3. No special permission is required for processions around the church as a part of the religious service, as long as they do not interfere with the traffic.
4. All other religious processions and all performances of religious rites outside the regular cult building require special permission of the local government in each particular case.
5. - The registration agencies of religious associations (Art. 6) submit data to the Committee for Religious Matters at the city and district soviets in accordance with the forms and within the period established by the Permanent Committee for Religious Matters at the Council of Ministers.

Legislation passed in 1929 also forbade clergy or monastics from wearing religious garb in public. Islamic courts in Central Asia that interpreted Shariah were fully eliminated after this legislation in 1929.

==USSR anti-religious campaign (1958–1964)==

=== Supervision of the Fulfillment of Legislation on Religious Cults of the USSR ===
This legislation, drafted in 1961 during the height of a renewal persecution under Nikita Khrushchev, was designed to assist the anti-religious campaign especially with regard to the massive number of church closures that were conducted. It gave the state tight control over religious practices.

Instruction on the Application of the Legislation on Religious Cults.
Approved on 16 March 1961:

I General
1. [Right to believe]
2. Definition of a religious society. See LRA, Art. 3.
3. Believers forming a religious association [society or group] may:
  - a) observe religious rites, organize worship meetings as required by the given cult;
  - b) hire or elect clergymen and other personnel necessary for the observance of the cult;
  - c) use a house for prayer and other cult utensils;
  - d) collect voluntary donations within the temple for the support of the clergy, the prayer house, its property and the executive organs of religious associations.
4. On the open elections of the executive organs. The same as in the Laws on Religious Associations. See below.
5. The council on the Russian Orthodox Church Affairs (CROCA), the Council on Religious Cults (CRC), their local plenipotentiaries and local government organs must carry out strict supervision that the constitutional rights of believers and non-believers are observed, that no administrative methods are used in antireligious struggle, no administrative interference in the activities of a religious association, rudeness towards the clergy and insults of believers feelings.
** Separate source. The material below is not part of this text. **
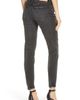 MOUSSY MOUSSY Velma Skinny Jeans - 2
II The Activities of the Clergy and the Religious Associations must correspond to the following demands
1. - Free performance of religious rites is warranted as long as it does not disturb public order and is not accompanied by acts infringing on the rights of Soviet citizens. Otherwise, organs of national government may take any measures deemed necessary to restore public order and security.
2. Religious associations and clergy may not:
  - a) use religious services for political pronouncements, contradicting the interests of Soviet society;
  - b) urge the believers to abstain from fulfilling their citizens' duties;
  - c) carry on propaganda aimed at tearing the believers away from active participation in the state, and the cultural and socio-political life of the country;
  - d) perform religious rites and ceremonies in the state, public and cooperative institutions and enterprises

An exception was made for the sick and dying.

1. - Religious associations and the clergy may not engage in any activities, except those aimed at satisfying believers' needs.
2. Meeting and processions. Same as in LRA.
3. Religious centres, religious associations and the clergy may not:
  - a) organize special groups, etc. – as in LRA below;
  - b) organize pilgrimages to the so-called 'holy places', perform fraudulent actions aimed at raising superstitions in the masses of population in order to derive some kind of benefits (declaration of all sorts of miracles, e.g. curing of illness, prophecies, etc.);
  - c) make any compulsory collections or imposing dues on believers for the support of religious associations or other purposes;
  - d) apply any forms of compulsion of punishment to believers.
4. Religious centres, diocesan administrations and other religious organs are forbidden to:
  - a) use their resources and funds for charity or for the support of churches and monasteries, not supported by the population as it drifts away from religion, or for any other needs except for the covering of expenses required for the sustenance of the organs themselves;
  - b) convoke religious congresses and councils, establish theological schools, publish religious literature, without the express permission each time of the Council in Religious Cults or the Council for the Russian Orthodox Church Affairs.
5. - (& 13). Technicalities, repeated in LRA (CRA's inspections, etc.).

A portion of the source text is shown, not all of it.